4.2. Study Limitations and Future Research Directions
One limitation of this study is the restricted number of species. The current system focuses on 11 TAC target species, but future research needs to expand the system to include more species, developing it into a more comprehensive marine resource management tool. Additionally, the current system calculates weight by measuring the body length and height of individual species. However, in actual fish markets, sales are often made in box units, necessitating a response to this.
To overcome these limitations, future research efforts should focus on expanding the system to include more species and developing methods for estimating weight in box units, enabling rapid assessment of large catches. Through these research directions, the system can evolve into a more comprehensive and effective fishery resource management tool.
Furthermore, this study identified difficulties in distinguishing closely related species within the same genus. For example, species such as Chionoecetes opilio and Chionoecetes japonicus are morphologically very similar, causing the system to struggle in distinguishing them, sometimes misclassifying at a rate of 3–5%. This finding emphasizes the need for more sophisticated models capable of capturing subtle differences between morphologically similar species.

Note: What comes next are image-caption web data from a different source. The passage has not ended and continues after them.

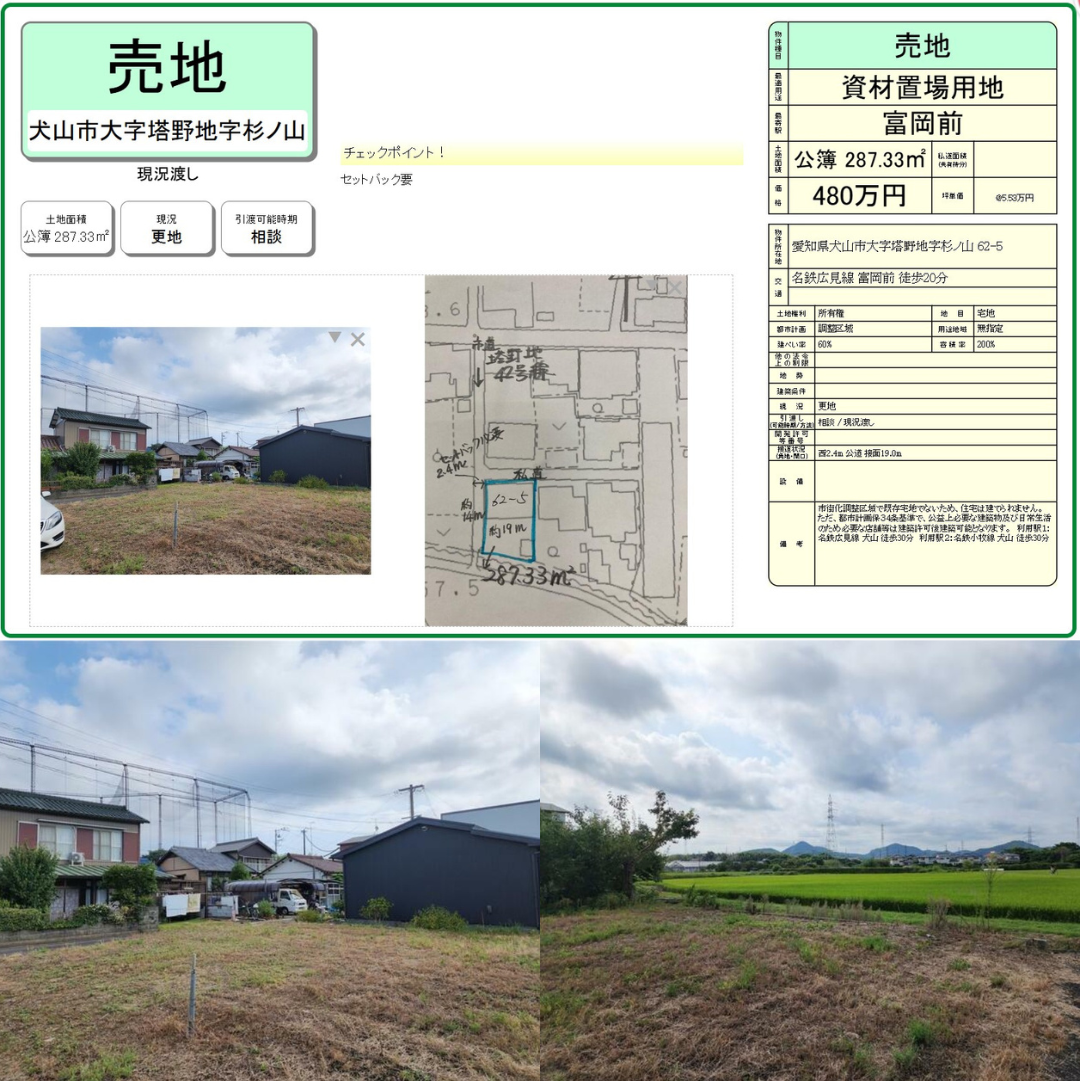 美濃加茂市古井町土地情報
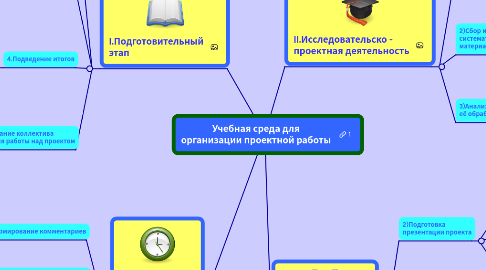 Mind Map: Учебная среда для организации проектной работы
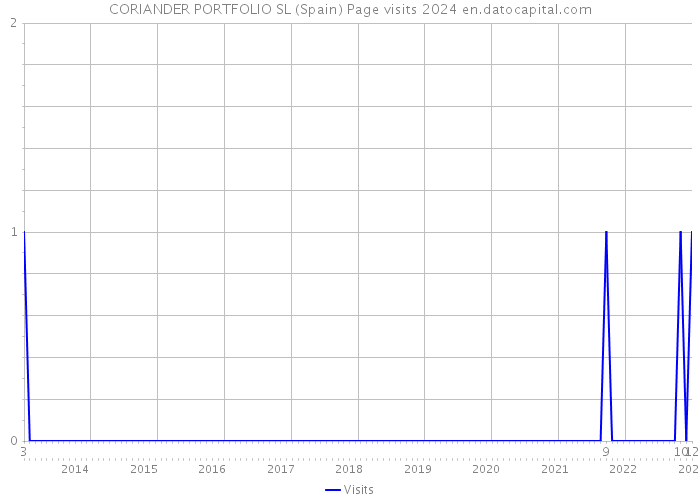 CORIANDER PORTFOLIO SL (Spain) Page visits 2024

Future research aimed at overcoming these limitations and pursuing the proposed research directions will allow the system to develop into a more effective and comprehensive tool in marine resource management.
5. Conclusions
This study developed an automated system for fish species recognition and body length measurement to enhance the efficient operation of the TAC system. The results demonstrated that in the specific fish species recognition task employed in this study, the RT-DETR-x model outperformed the YOLOv8x model, achieving an average mAP50 value 2.3% higher and an impressive mean recognition accuracy of 96.5% across 11 TAC target species. These findings suggest the possibility of accurate species recognition even in complex real-world fish market environments. Furthermore, the body length measurement method utilizing ARCore technology exhibited over 95% average accuracy for all species, indicating the potential for faster and more accurate data collection compared to traditional manual measurement methods.
The developed system has shown significant potential to improve the work efficiency of fishery resource inspectors and address issues such as manpower shortages and measurement errors. The real-time data collection and analysis capabilities enable effective operation of the TAC system, which is expected to contribute to the sustainable management of fishery resources.
This research was conducted using RT-DETR-x and YOLOv8x models, which were state-of-the-art technologies at the time of the study. Given the rapid advancements in object detection technology, future research should focus on continuous evaluation and improvement of the system’s performance through comparative studies with emerging models such as YOLOv10. This approach will further enhance the practicality and effectiveness of the system developed in this study.
The current system is limited to 11 TAC target species and employs an individual species measurement method. To overcome these limitations, future research should focus on the following directions: First, the system’s scalability should be enhanced by including a wider range of species. Second, to increase applicability in real fish market environments, techniques for estimating weight in box units need to be developed.
In conclusion, the automated fish species recognition and body length measurement system developed in this study is expected to make a significant contribution to the efficient operation of the TAC system and sustainable management of fishery resources. This system can greatly improve the accuracy and efficiency of fishery resource surveys and help prevent the depletion of fishery resources due to increasing demand and overfishing. As the proposed future research directions enhance the system’s scalability and field applicability, this system is expected to be more widely utilized in the field of fishery resource management.